To the tune of a bass-pumping remix of everything you'll ever hear on American Top 40, we two-stepped, walked-it-out, cupid shuffled, shimmied, and booty-popped for a solid 45 minutes, sandwiched between a warm-up and cool down involving squats, mountain pose, and hip rolls. Wearing these the entire time.
All went smoothly for the duration of the class — save the last 10 minutes when fatigue started setting in. But the energetic music, the variety of moves, and Mario's exuberance were enough to withstand any flagging energy. And to our surprise, none of us left with any back, knee or ankle pain. This was a clutch, since a couple Greatist members have endured some serious injuries in these departments (think: herniated discs and runner’s knee… not fun). There were the beginnings of some blisters, and a little extra ankle pressure from the Kangoo boot — but nothing a pair of long, thick socks couldn’t prevent in the future. (Next time, BYO!)
The best part? Onlookers pressed against the studio's glass walls were just as engaged as we were. One woman flung open the door to fist pump and record us with her iPhone. Another bounced up and down for a good 25 minutes outside, barefoot. And a fair number of stationary male rowers couldn’t help gawking to the left of their machines for the duration of their own cardio sessions.
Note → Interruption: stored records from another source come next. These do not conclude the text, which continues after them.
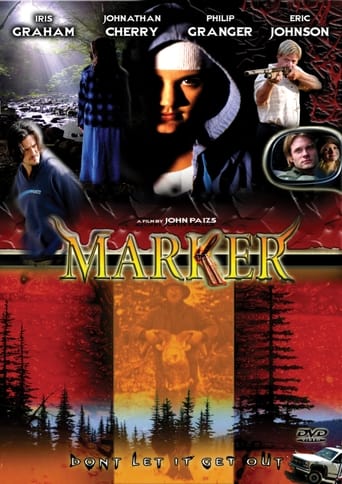 Marker Poster
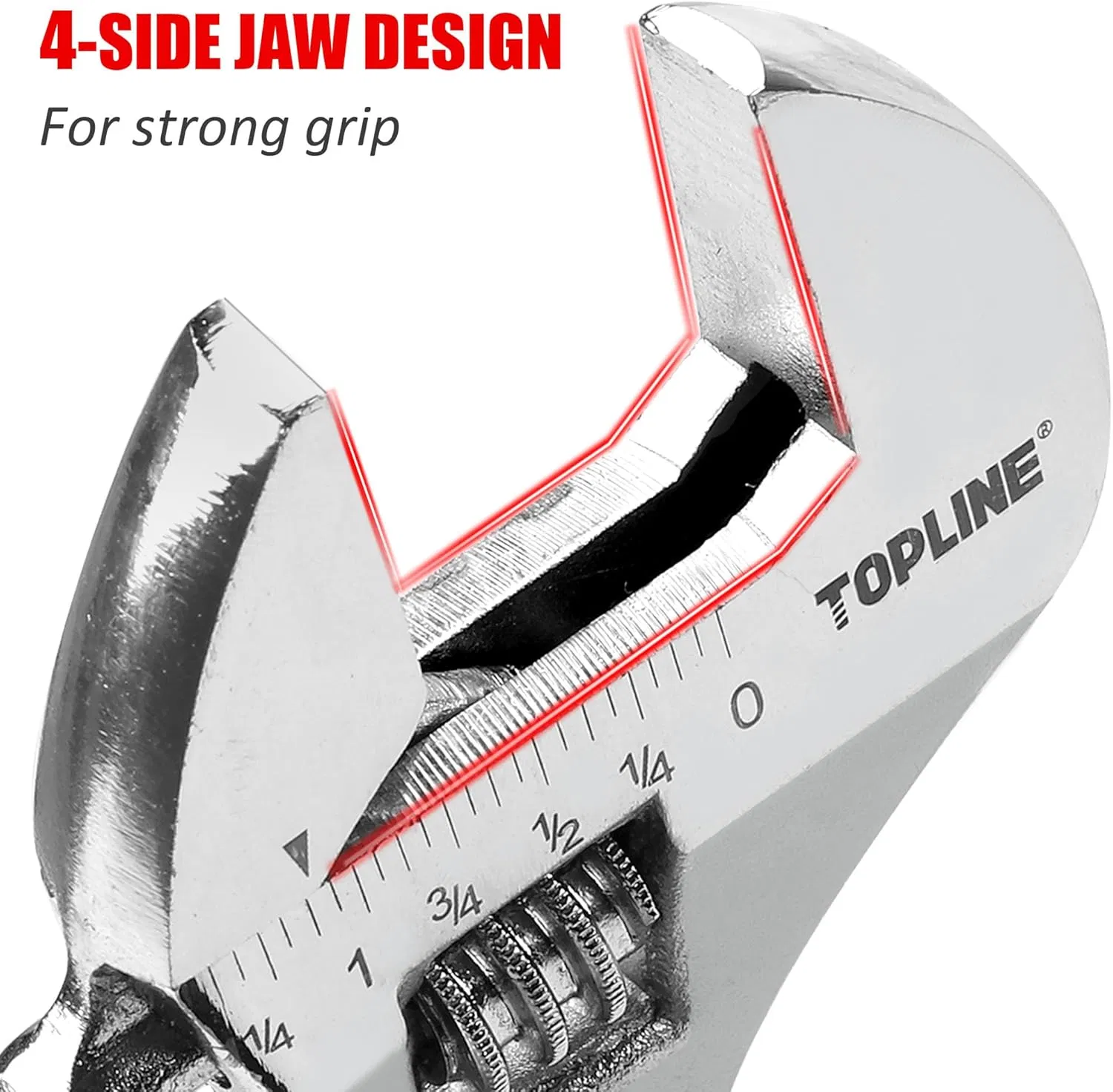 Customized Cr-V Metric Adjustable Wrench Spanner Set Double Head Industrial Inch Hand Tool DIY Grade with OEM Support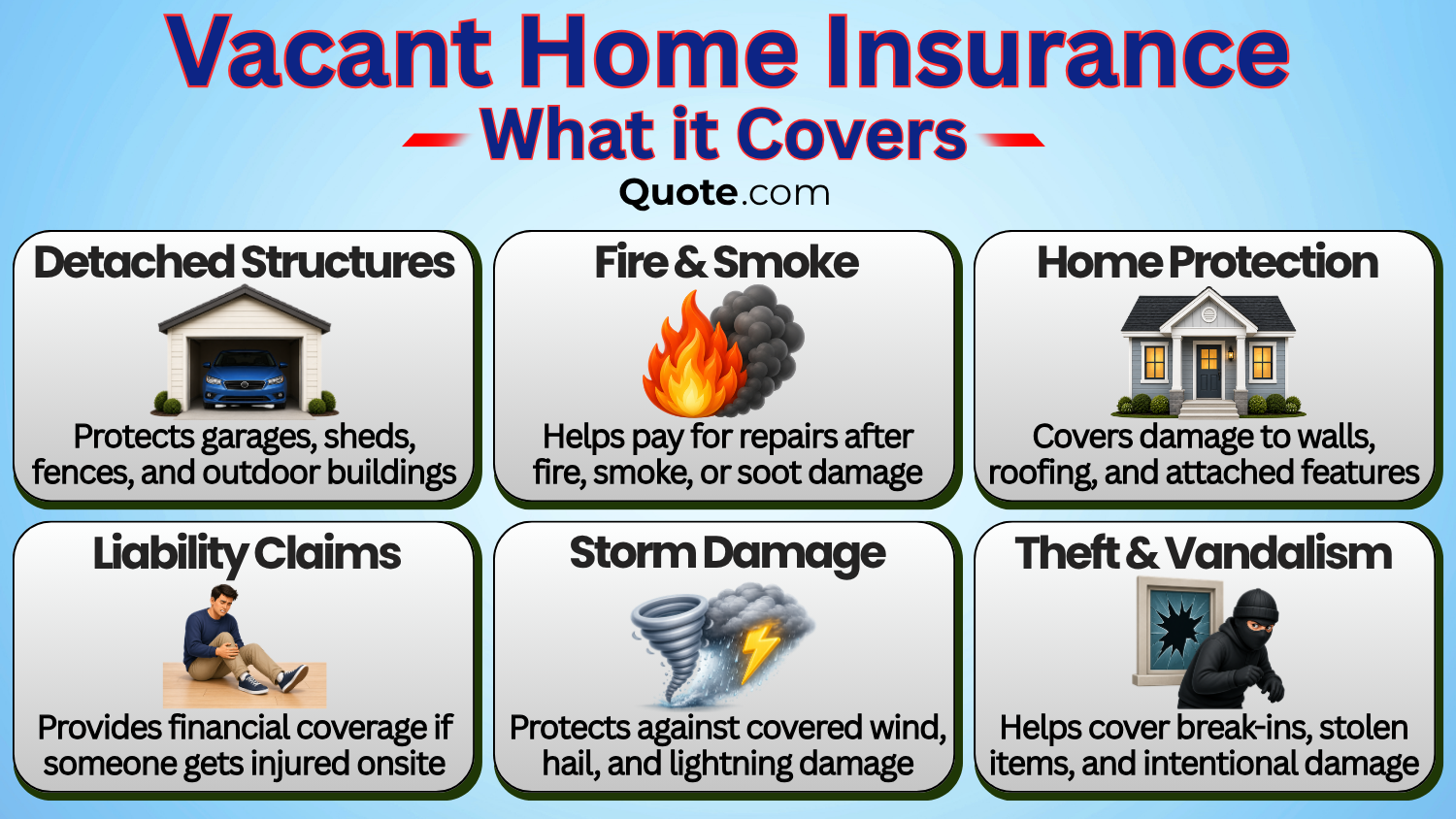 Vacant Home Insurance What it Covers Vacant Home Insurance What it Covers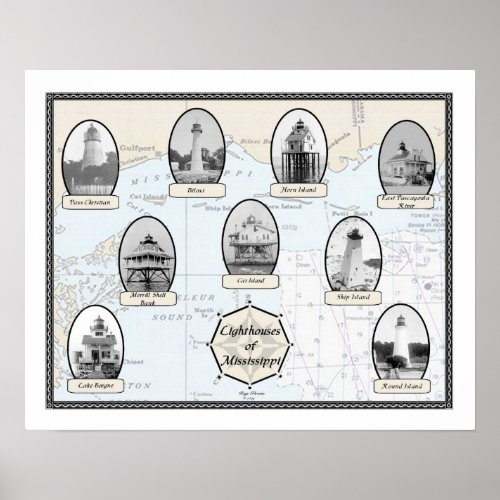 Mississippi Lighthouses Poster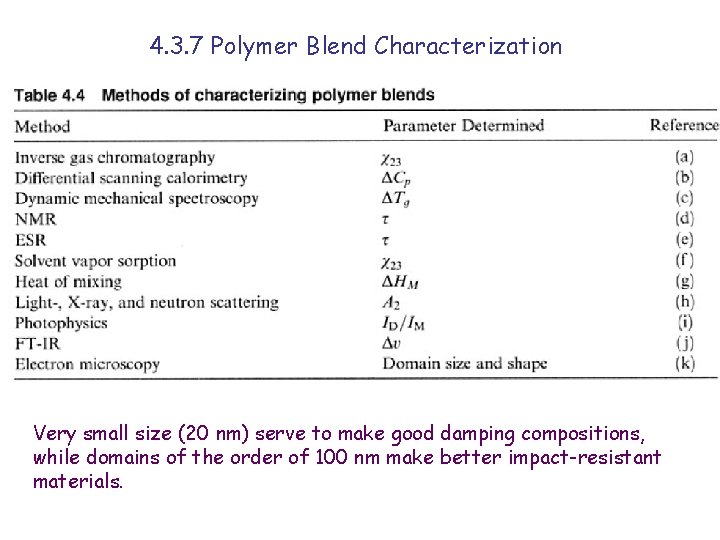 4. 3. 7 Polymer Blend Characterization Very small size (20 nm) serve to make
There’s even some science to support the Kangoo craze. One study found that three weekly Kangoo sessions improved participants’ average VO2 peak (a predictive measure of VO2 max, taken at less intense exertion levels) by about 18 percent after four months. Compare this to just a four percent increase for those who ran in regular shoes under the same conditions. And on the injury front: Almost half these runners limped away from the study with ankle sprains, plantar fasciitis, IT-band friction syndrome, and shin splints, whereas Kangoo exercisers reported no injuries whatsoever. (Of course, like all forms of exercise, there’s always some risks involved.)
Still game for Kangoo? Remember to come bearing shin-high cotton socks, wear a very secure sports bra (ladies, this is key), and don't be afraid to make a fool of yourself.
Go ahead: Hop to it. We have a hunch you’ll have a blast.